[Work instructions]
Return the data below in full and exactly, except that the pictures are dropped.

====== Records for the exercise ======

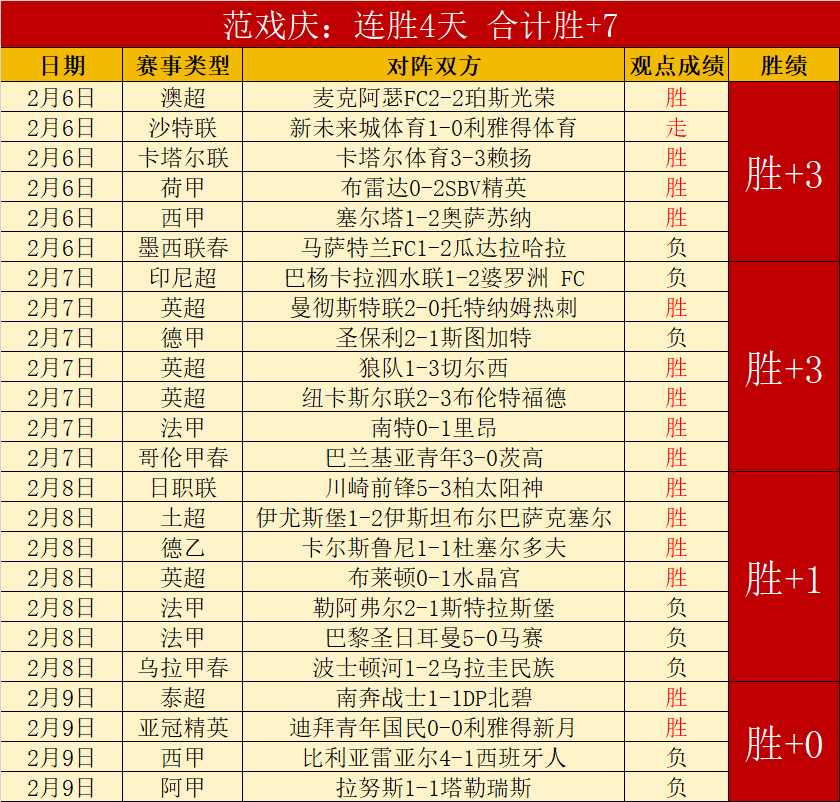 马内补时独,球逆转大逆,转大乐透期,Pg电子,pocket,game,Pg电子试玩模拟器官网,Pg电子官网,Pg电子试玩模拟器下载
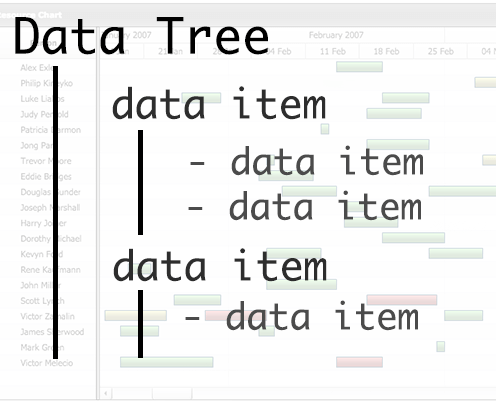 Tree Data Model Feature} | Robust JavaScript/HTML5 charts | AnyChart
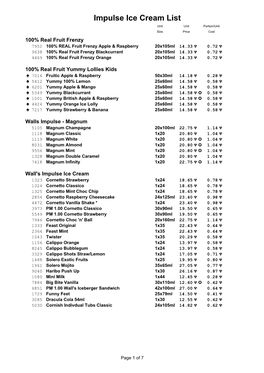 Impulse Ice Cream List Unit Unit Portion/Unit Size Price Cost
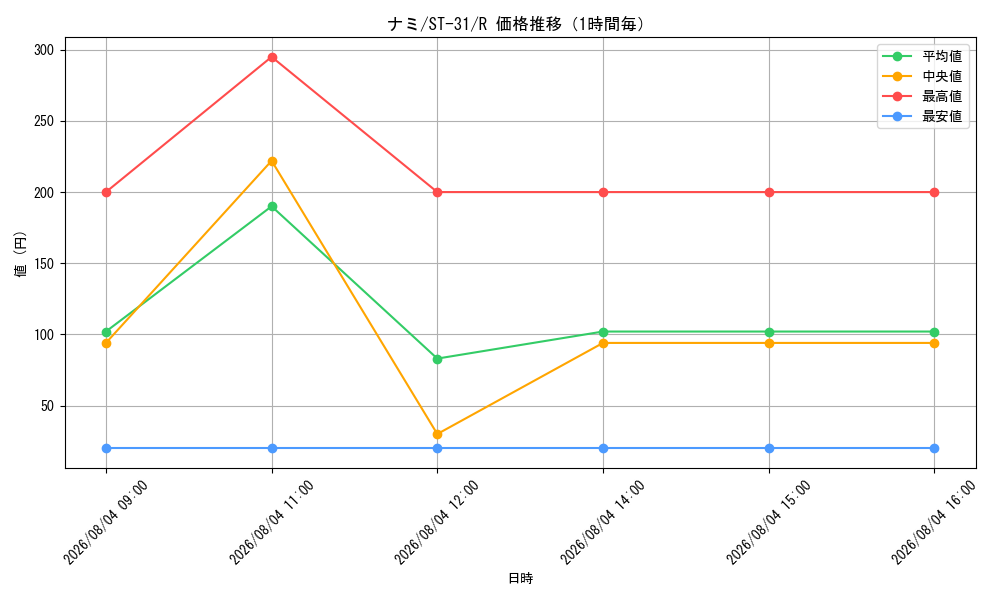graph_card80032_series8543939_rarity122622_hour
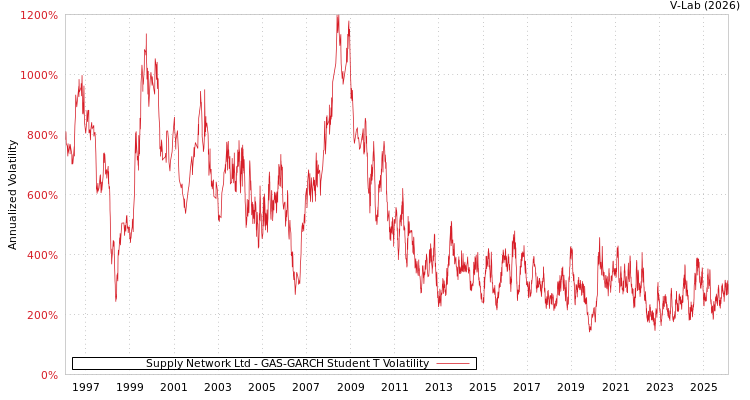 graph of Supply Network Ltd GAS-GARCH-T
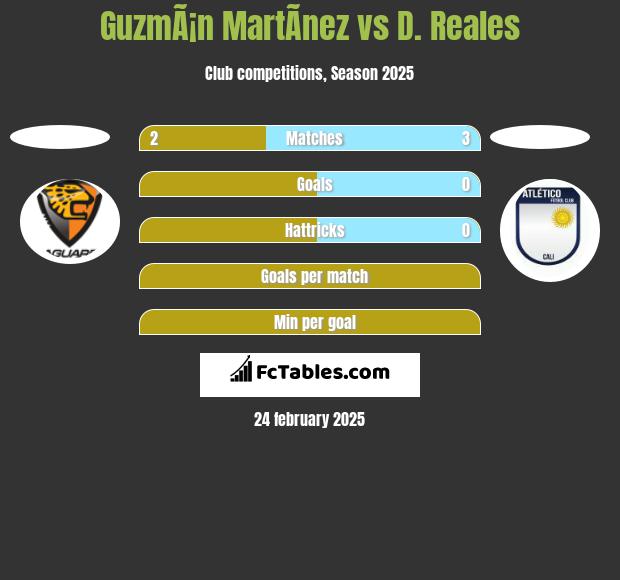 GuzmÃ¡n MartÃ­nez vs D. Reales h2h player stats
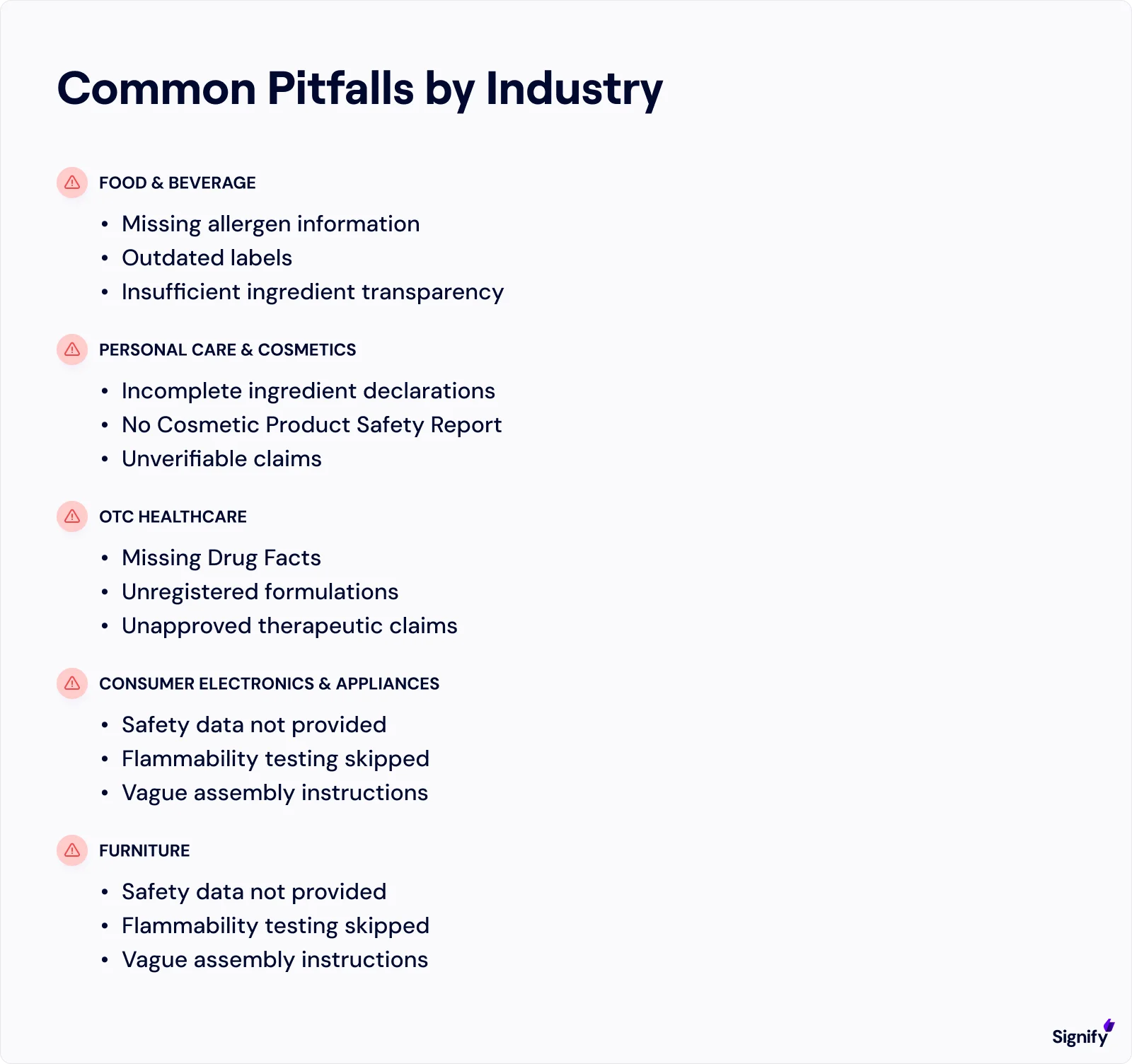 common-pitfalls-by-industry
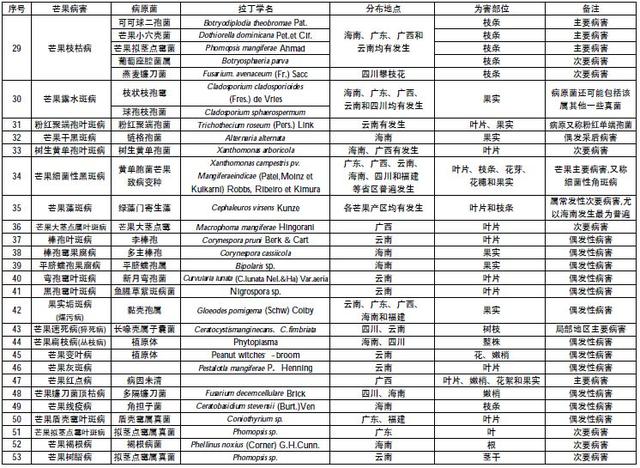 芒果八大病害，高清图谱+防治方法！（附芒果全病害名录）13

======

[Solved problem]
 马内补时独,球逆转大逆,转大乐透期,Pg电子,pocket,game,Pg电子试玩模拟器官网,Pg电子官网,Pg电子试玩模拟器下载
 Tree Data Model Feature} | Robust JavaScript/HTML5 charts | AnyChart
 Impulse Ice Cream List Unit Unit Portion/Unit Size Price Cost
graph_card80032_series8543939_rarity122622_hour
 graph of Supply Network Ltd GAS-GARCH-T
 GuzmÃ¡n MartÃ­nez vs D. Reales h2h player stats
 common-pitfalls-by-industry
 芒果八大病害，高清图谱+防治方法！（附芒果全病害名录）13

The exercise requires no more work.